You need to set XLA_FLAGS="--xla_disable_hlo_passes=custom-kernel-fusion-rewriter" and pass --flash_attention_implementation=xla to run_alphafold.py.

You can find more details in this Github issue.

  #!/usr/bin/bash

  #SBATCH --job-name=AlphaFold
  #SBATCH --cpus-per-task=8
  #SBATCH -N 1
  #SBATCH --gres=gpu:1
  #SBATCH -C RTX2080Ti
  #SBATCH -p regular
  #SBATCH --mem-per-cpu=6000

  module load AlphaFold/3.0.0
  input=fold_input.json
  echo Predicting $input
  export XLA_FLAGS="--xla_disable_hlo_passes=custom-kernel-fusion-rewriter"
  time run_alphafold.py --flash_attention_implementation=xla --output_dir . --json_path $input

Performance

The following environment variables are set by module load AlphaFold/3.0.0:

XLA_PYTHON_CLIENT_PREALLOCATE=false, TF_FORCE_UNIFIED_MEMORY=true and XLA_CLIENT_MEM_FRACTION=3.2 to use unified memory.

You can change these and tweak the performance by following the documentation.

I have not adjusted pair_transition_shard_spec in model_config.py as suggested in the performance documentation, but it could be an option when running into memory problems.

Running AlphaFold 2

First check if what you want isn't already available at EBI's AlphaFold database.
If not, you can run Alphafold on Colab using ColabFold.
This version of ColabFold is the recommended way to get started.
If the above does not suit your needs, continue to the next section.

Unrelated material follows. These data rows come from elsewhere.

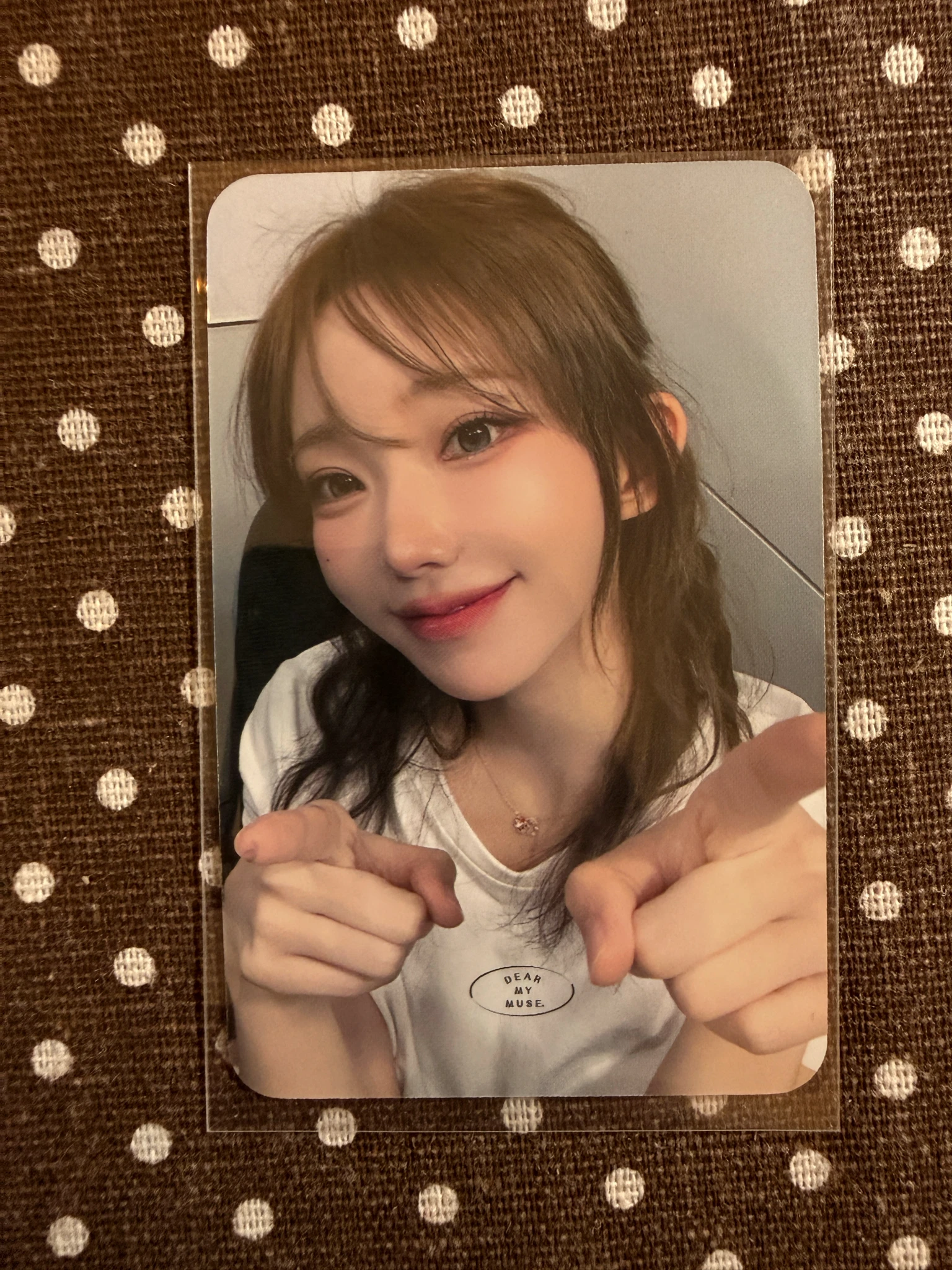 QWER Magenta QWER - Magenta - In a Million Noises, I'll Be Your Harmony Album dear my muse (dmm) double-sided fansign listing photo 2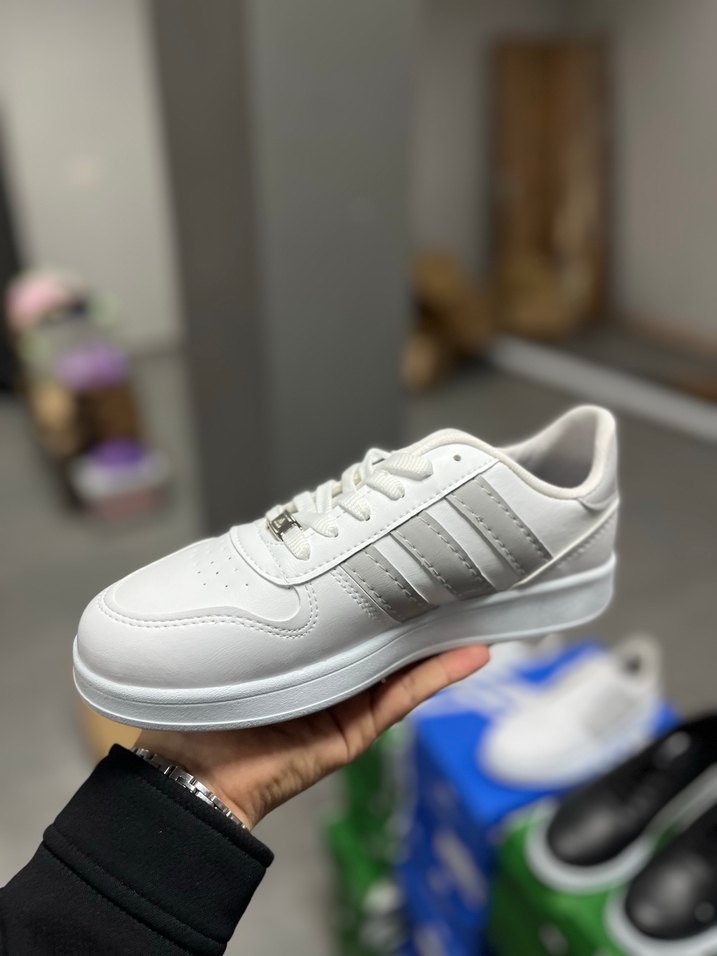 Beyaz unisex  Sneakers Stiletto Topuklu - Görsel 3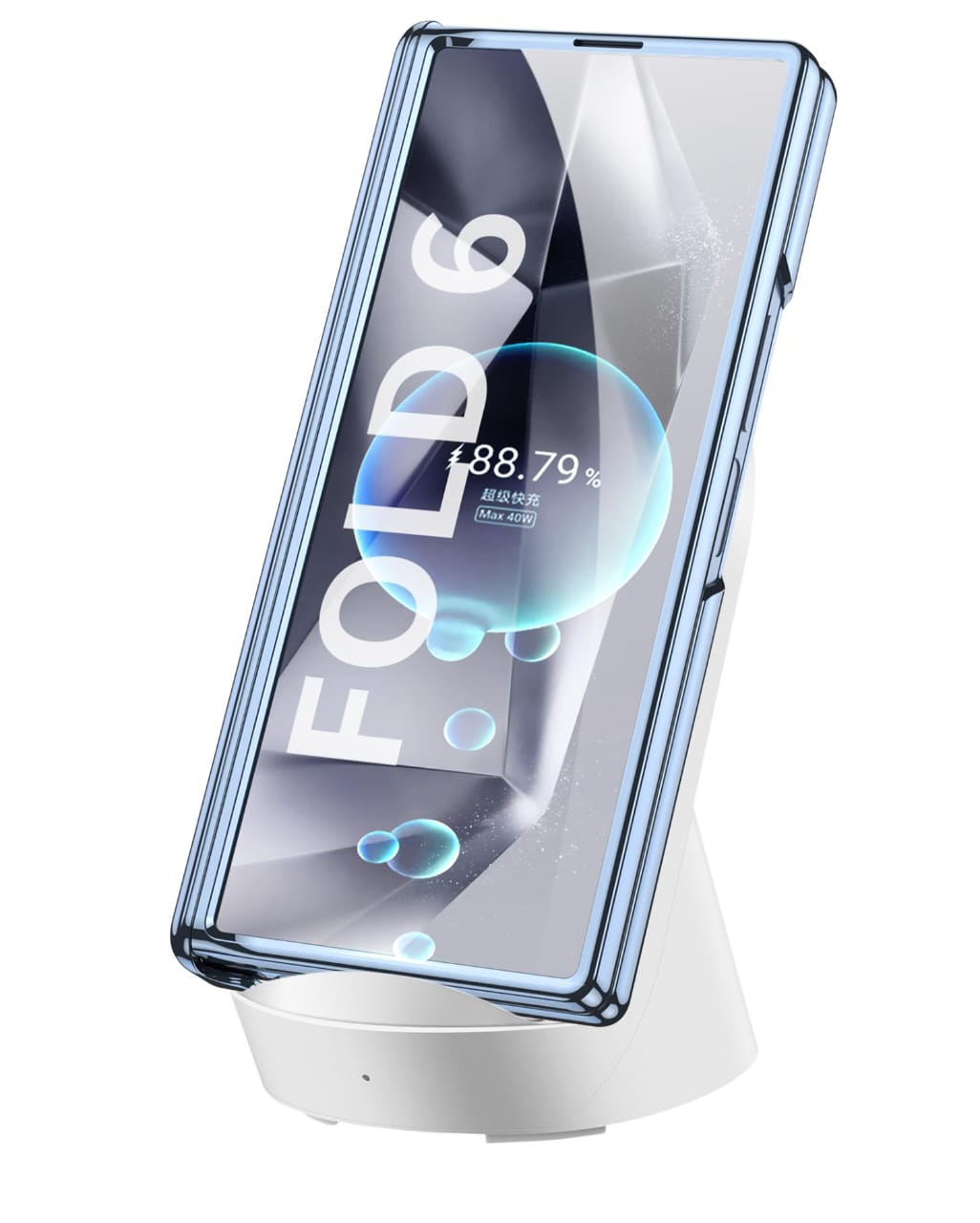 CrystalMag Z Fold 6 Transparent Magnetic Hinge Case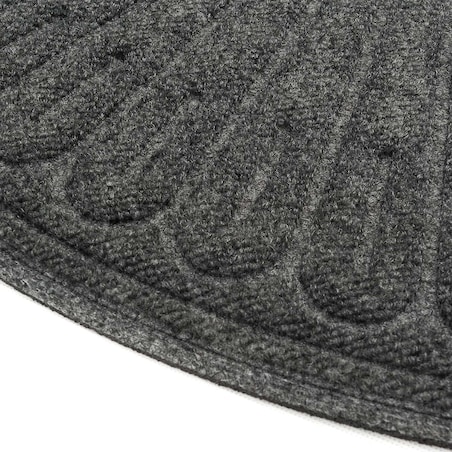 Wycieraczka półokrągła 60x90 cm Half Moon szara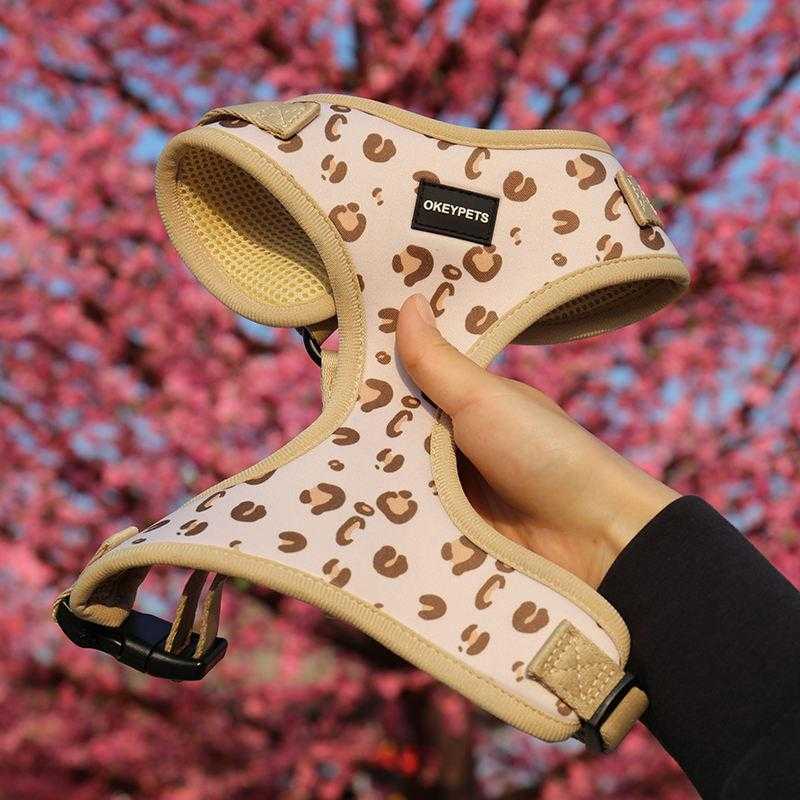 Soft Custom Colorful Puppy Adjustable Pet Dog Harness Dog Harness Set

Running AlphaFold 2 on DaVinci

If for some reason ColabFold is not sufficient for your needs you can also run Alphafold on DaVinci.
To get access to AlphaFold run module load AlphaFold/2.3.2. This will add the run_alphafold.sh script to your path.
This script requires two parameters:
- The FASTA file with the input sequence (-f FILE).
- The output directory (-o DIR). Note that AlphaFold will create one directory with the name of the FASTA file within the directory that you give.
You can create an interactive session and run the script directly but given the long runtimes of AlphaFold it's best to submit the task as a batch job.

You'll need to draft a batch script. Here's an example to get you started:

  #!/usr/bin/bash

  #SBATCH --job-name=AlphaFold
  #SBATCH --cpus-per-task=8
  #SBATCH -N 1
  #SBATCH --gres=gpu:1
  #SBATCH -C RTX2080Ti
  #SBATCH -p regular
  #SBATCH --mem-per-cpu=6000

  module load AlphaFold
  input=test.fasta
  echo Predicting $input
  time run_alphafold.sh -o . -f $input

Visualizing the results

AlphaFold will create a bunch of files in the output directory. These are described in detail in the README of https://github.com/deepmind/alphafold.
The best ranked model is available with the name ranked_0.pdb. It's equivalent to the model shown at EBI's database.
The B factors in that PDB correspond to the per-atom pLDDTs, just like at EBI's database.

A file ranking_debug.json list the overall pLDDTs for all the models tried. By default 5 models are ran. For example the following file:

  {
      "plddts": {
          "model_1_ptm": 83.76404249206948,
          "model_2_ptm": 84.43304896342197,
          "model_3_ptm": 86.97910795602691,
          "model_4_ptm": 85.06833732904242,
          "model_5_ptm": 84.05097568175553
      },
      "order": [
          "model_3_ptm",
          "model_4_ptm",
          "model_2_ptm",
          "model_5_ptm",
          "model_1_ptm"
      ]
  }

shows that model_3_ptm is the top ranked model.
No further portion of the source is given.